Data to process
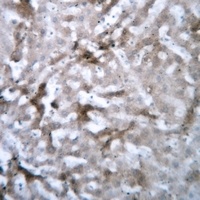 GSTM1 Antibody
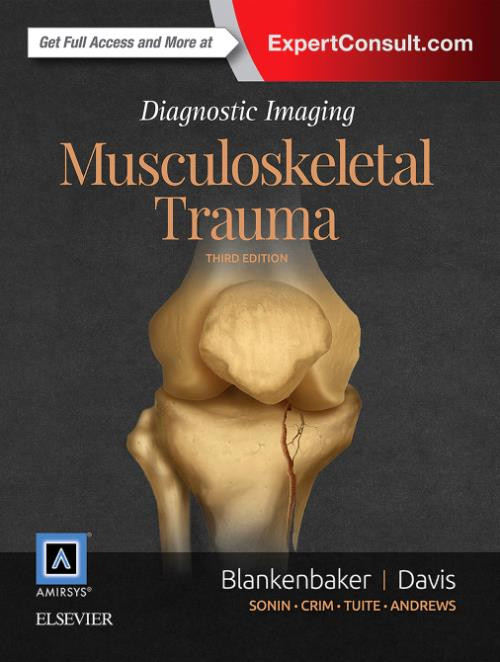 Musculoskeletal Trauma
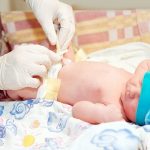 Chăm sóc rốn trẻ sơ sinh sau khi rụng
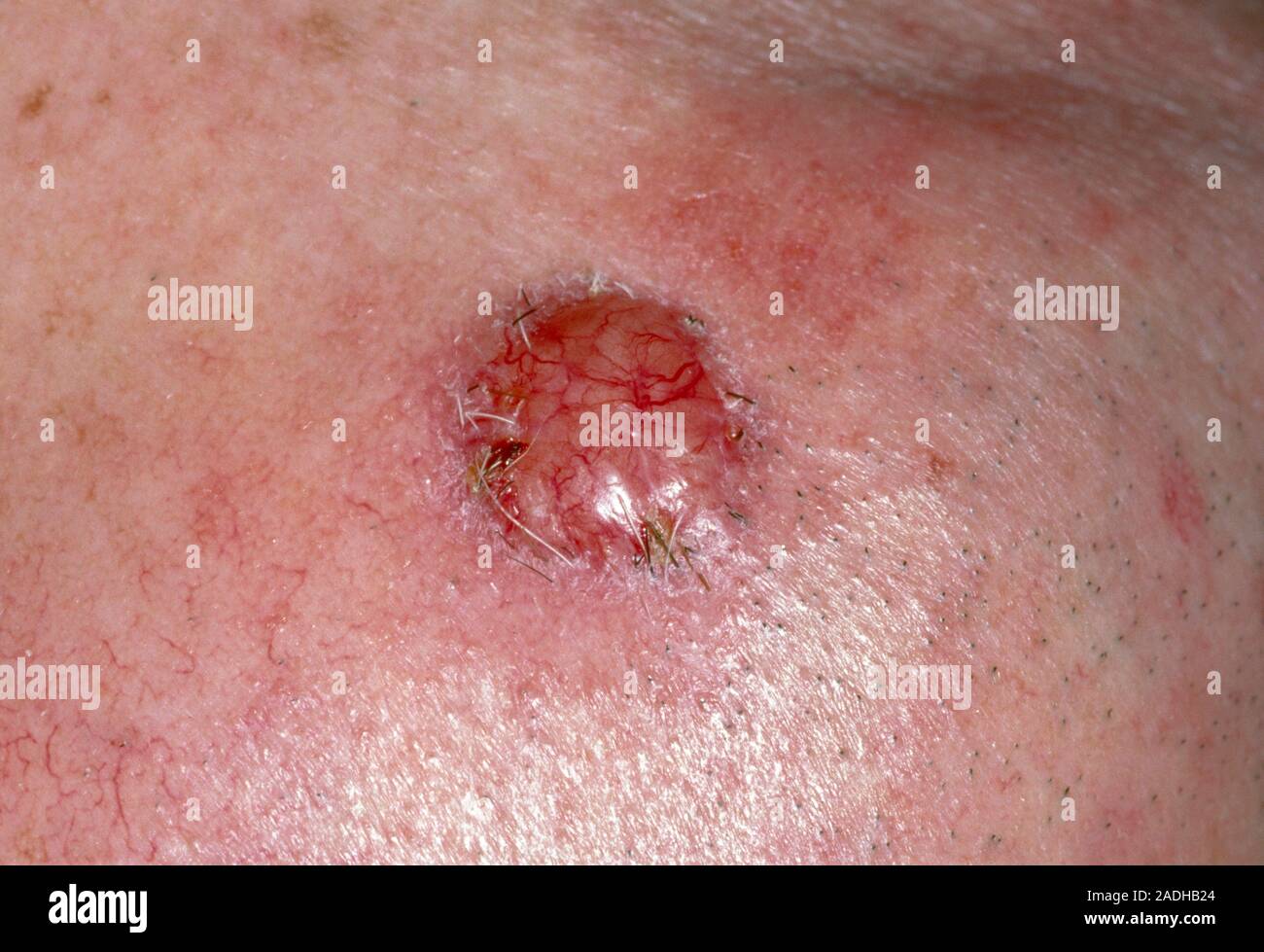 Basal cell carcinoma. View of a red, raised ulcer like growth, called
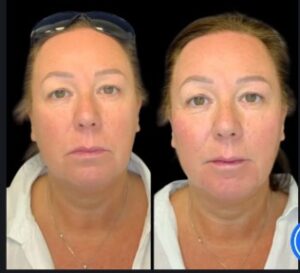Rejuvenate Your Skin with a Non-Surgical Facelift in Dubai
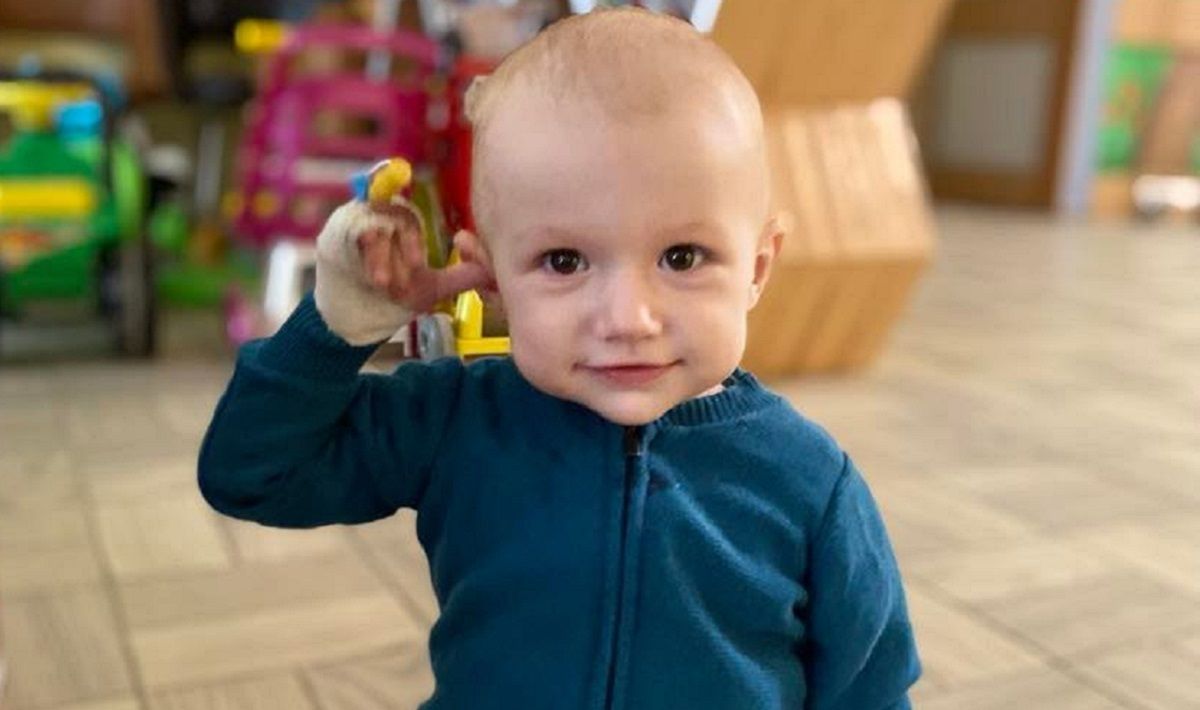 Львівські хірурги видалили однорічному хлопчику пухлину вагою 2,6 кг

Work item
Copy exactly the lines that run from the one containing "Musculoskeletal Trauma" to the last line of the records, both included, and leave out every picture.

Answer section
 Musculoskeletal Trauma
 Chăm sóc rốn trẻ sơ sinh sau khi rụng
 Basal cell carcinoma. View of a red, raised ulcer like growth, called
Rejuvenate Your Skin with a Non-Surgical Facelift in Dubai
 Львівські хірурги видалили однорічному хлопчику пухлину вагою 2,6 кг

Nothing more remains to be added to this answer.